Me interesa mucho la narración como tal, contar historias y que sean interesantes. El personaje del policía aparece tres párrafos, pero para mí es uno de los grandes personajes.
Y hay personajes femeninos que llenan mucho el texto, como Cristinita o Natalia, que cuando desaparece del relato parece que deba volver sí o sí.
Los personajes van y vienen, muchos secundarios tienen una novela en su cuerpo. El titiritero me encanta, un viejo comunista que finalmente se convierte en traficante de armas.
La apariencia como valor de confusión.
Las peores personas posibles son las personas asustadas. Talía, la hija del titiritero, se traiciona por el miedo, carga el miedo con la dimensión de la inseguridad, que lleva a la traición. Una de las historias más metafóricas del libro es la del narco: con la oportunidad que le dan paga con su dignidad.
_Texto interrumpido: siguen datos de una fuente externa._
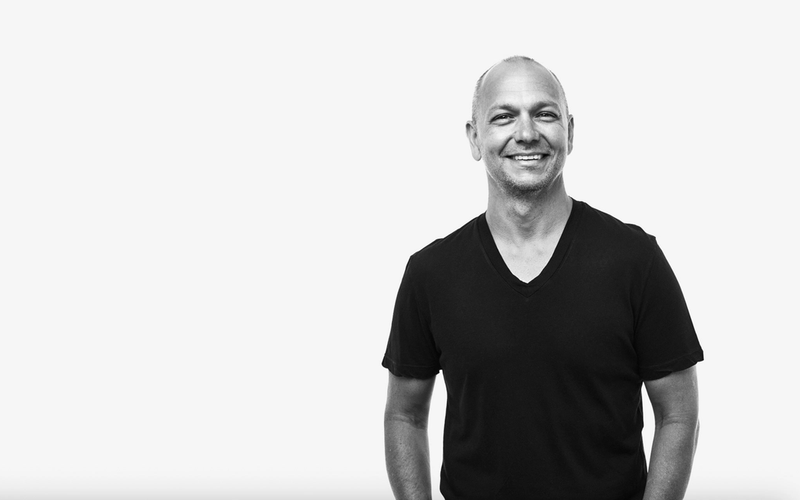 A black-and-white photo of Tony Fadell, smiling, wearing a short-sleeved, V-neck T-shirt. He is standing casually with one hand in his pocket against a plain white background.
En 35 muertos no podemos olvidar la importancia que tienen el sinfín de mujeres que aparecen, que en realidad son la misma de distintas formas.
Exactamente. Las relaciones entre hombres y mujeres están basadas en el equívoco y la incomunicación. Distintas búsquedas que conducen a desastres. Las necesidades afectivas de cada persona difícilmente encajan con las de los otros. Al pelao le ocurre, no hay una coincidencia de búsqueda.
La mujer como esperanza por la belleza.
Y el mito católico de la salvación a través de la pareja.
La presencia de Dios en el libro es casi nula.
La religión en Colombia es un espacio refugio. Una vez cometes todos los errores toca rezar. No importa la religión porque no es trascendental salvo si cargas demasiadas culpas.
Pero la novela tiene algo de parábola que remite indirectamente al catolicismo.
Aunque nosotros parezcamos occidentales tenemos profundas raíces atávicas y la influencia negra que llegó con los esclavos. En apariencia somos esclavos, pero las cargas espirituales que nos mueven van por otro lado. La relación de los colombianos con la iglesia es, en verdad, muy superficial.
La literatura latinoamericana ha puesto filtros a la realidad, en cambio tú apuestas por un texto descarnado. Su estructura e intención huelen más a literatura europea.
La novela en su esencia y origen es algo europeo. Me parecía entrar en esa tradición porque, entre otras cosas, el Quijote sigue siendo un referente. La estructura de la novela es occidental y racional, pero no quería entrar en lo que ahora en narrativa se considera correcto, desde el lenguaje plano hasta una supuesta sofisticación que nunca terminé de entender.
Antes me decías que en Colombia prevalece la oralidad.
El aparato es occidental, pero quería que lo demás reflejara la realidad de la cual surgía. La gente no va con sutilezas en la calle. El lenguaje es coloquial porque recupero el punto de vista popular. Los personajes no reflexionan, no se dedican a hacer ensayos sobre su condición. El ritmo narrativo es otro. Vestí la novela en correspondencia con la realidad que retraté.